The Ely City Council meets this Thursday with a six-page agenda. Many items to be covered vary from water and sewer rate changes, landfill rates, changing the days of city council meetings to 8:30 a.m. Fridays and the continuous topic of the city budget.
One agenda item placed by Councilwoman Jolene Gardner and City Administrator Bob Switzer is to approve the first reading of Ordinance No. 708, Bill No 2018-01, an ordinance that if approved will allow the city and county elections to run concurrent on even numbered years, instead of odd numbered years.
There would be a one time extension on Mayor Melody VanCamp’s term in addition to Councilwoman Jolene Gardner and Councilman Kurt Carson’s seats to be extended to 2020.
Wayne Thorley, Deputy Secretary of State for Elections said “Many municipalities in Nevada have confronted this issue in the past. NRS 293C.115 allows cities in Nevada to hold their elections in even-numbered years in conjunction with the federal and state elections or in odd-numbered years pursuant to the provisions of Chapter 293C of NRS. A city just has to adopt an ordinance indicating whether the city will hold elections in even-numbered year or odd-numbered years.
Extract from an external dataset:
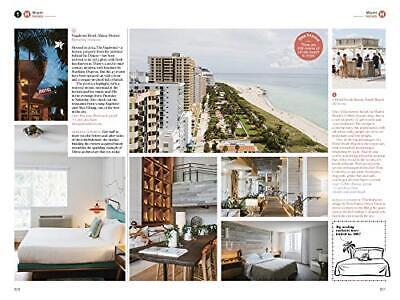 Gestalten The Monocle Travel Guide to Miami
To switch from one cycle to the other, a city must adopt an ordinance indicating that the city will henceforth hold elections in even-numbered years or odd-numbered years, as applicable.”
Thorley also noted that switching from off-year elections to the federal and state election cycle is permissible under state law, and many Nevada cities have done so in the past. Thorley said “making the switch has the effect of extending the terms of office of the incumbent city elected officials. “
In conclusion of the information provided by Thorley, he said “In a 2005 opinion, the Nevada Attorney General stated that the statute that allows a city to change to the federal and state election cycle does not violate the Nevada Constitution’s prohibition against the legislative creation of an office with a term of more than four years. Instead, the Attorney General concluded that switching to the federal and state election cycle does not directly extend the terms of office of the incumbents, but rather the incumbents are allowed to hold over until the next general election.”
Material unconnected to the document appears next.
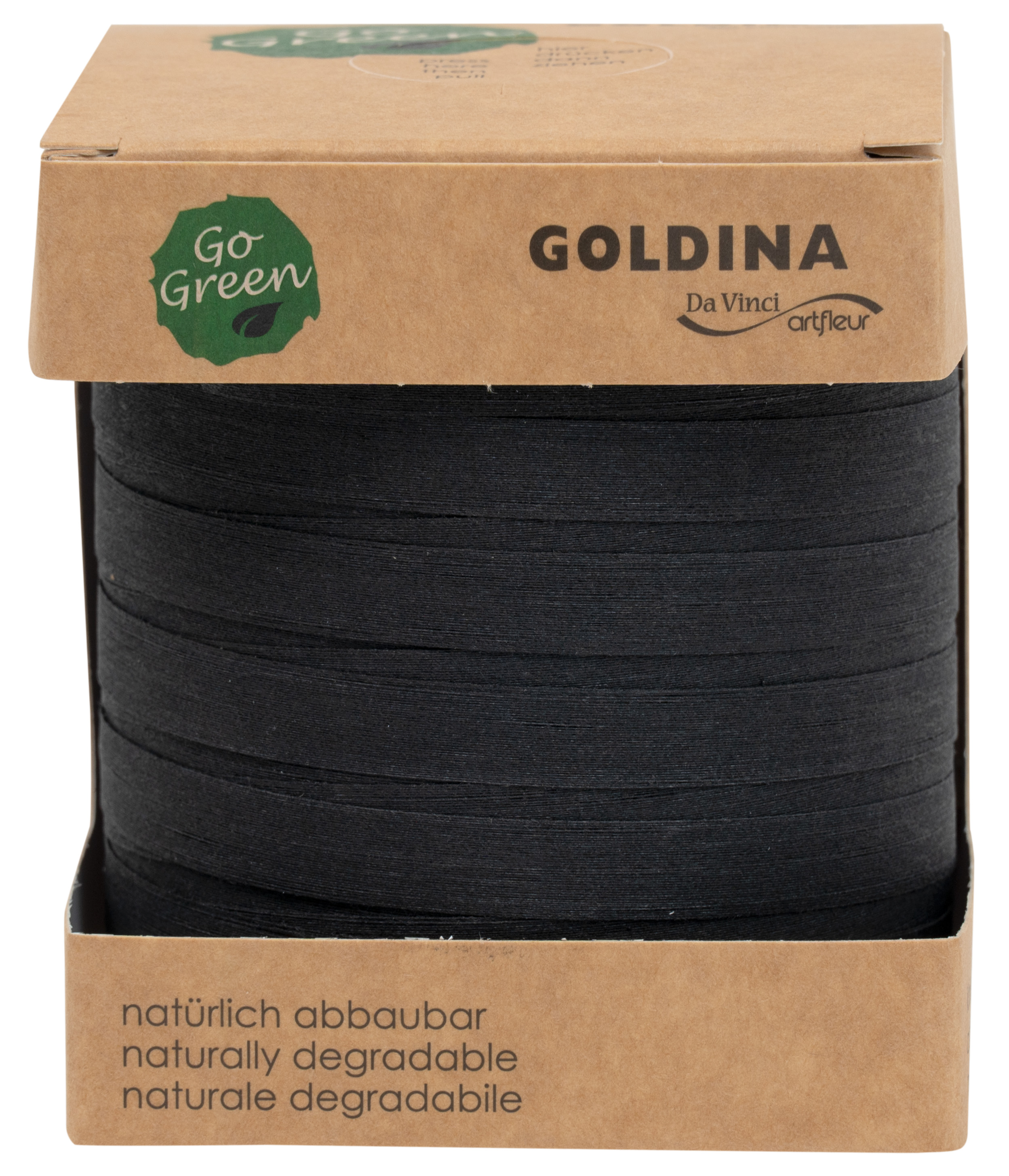 Ribbon nature pack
And while there are several items on the agenda that discuss various items such as taking a portion of the room tax and placing it in the general fund, the municipal court requesting approval on a collection agency to collect on fines and fees ordered by the court, and the need for the city to back pay for the past two years to the city’s paid firefighters in the amount of approximately $15,000, you wonder how is all of this possible when you read City Treasurer Janette Trask’s Treasurer’s Report.
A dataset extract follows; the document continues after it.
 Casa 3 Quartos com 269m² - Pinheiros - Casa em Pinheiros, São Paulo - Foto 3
Trask mentions that since her rehire six months ago has been a blur, stating that the audit has been the focus of most of her time. Trask has been working very closely with McKay Hall, accountant for Hinton Burdick.
Trask’s report states that after reviewing the budgeted revenues it appears the revenues will likely come in at approximately $1.9 million, leaving the budget overstated by approximately $200,000, that likely won’t come in Trask said. And, with over $2.1 million budgeted in expenses and at fifty percent of the fiscal year having elapsed, total expenses are at 49.5 percent.
Trask mentioned that if all departments spend their budgets, the general fund would use up all of the beginning fund balance leaving a deficit of approximately $48,000.
Trask also mentioned that the fire department’s budget wasn’t budgeted properly for this fiscal year. Funds were put into different appropriated funds. More than $80,000 of their operating budget was put into the Fire Protection Street Improvement Fund when it should have been in the General Fund Fire Department Budget Fund.
So, now the fire department will have to look at ways to cut its budget. Trask mentioned that the general fund balance has been reduced by more than $630,000 in the past three years.
She noted in her report that she has spoke to the council suggesting ways to reduce spending, and with less than six months left in the fiscal years the city council and administration needed to work on ways to have a better budget funds.
And, the final agenda item that Carson requested to be placed on the agenda is an open personnel session of City Administrator Robert Switzer to consider his character, alleged misconduct, professional competence or physical and mental health.
Switzer was hired by the city in 2014. Switzer’s yearly salary according to Transparent Nevada with the last knowing reporting day of 2016 was $113,480.07 that includes benefits.